Can you describe the respective roles of acpi_lpss and pinctrl-baytrail
in this process? Both reference ACPI devices "INT33B2" and "INT33FC".
Who instantiates these devices? Who pulls GPIO 12 low? Who detects when
this happens? Who triggers the event that leads to _L12 being executed?
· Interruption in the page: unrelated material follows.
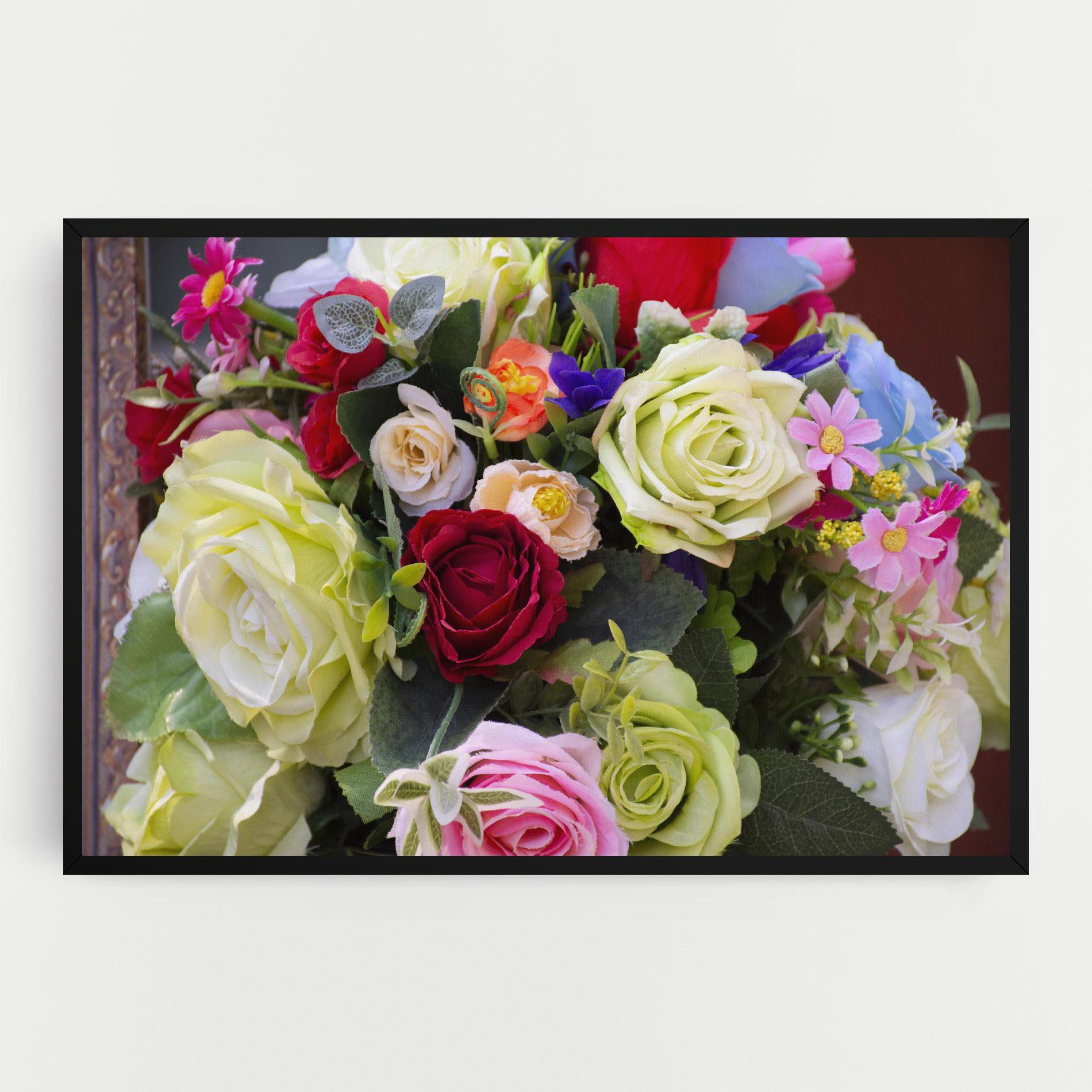 Tablou Canvas Mixed Roses Bouquet mockup 0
> I'm not opposing turning this driver to a module. If it breaks things we
> can always revert the patch ;-)

... or try to solve the problem cleanly, if that is possible.
Mika Westerberg Feb. 16, 2016, 10:34 a.m. UTC | #7
On Tue, Feb 16, 2016 at 11:25:55AM +0100, Jean Delvare wrote:
> Can you describe the respective roles of acpi_lpss and pinctrl-baytrail
> in this process? Both reference ACPI devices "INT33B2" and "INT33FC".
> Who instantiates these devices? Who pulls GPIO 12 low? Who detects when
> this happens? Who triggers the event that leads to _L12 being executed?

acpi_lpss enumerates the ACPI devices and creates platform devices from
them. pinctrl-baytrail binds to the platform device.

Hardware pulls down the GPIO 12. For example when the power adapter is
connected. This is detected by the GPIO hardware and the driver
(pinctrl-baytrail) that then executes the method (based on the code in
gpiolib-acpi.c::acpi_gpiochip_request_interrupt()).

> > I'm not opposing turning this driver to a module. If it breaks things we
> > can always revert the patch ;-)
> 
> ... or try to solve the problem cleanly, if that is possible.

Sure.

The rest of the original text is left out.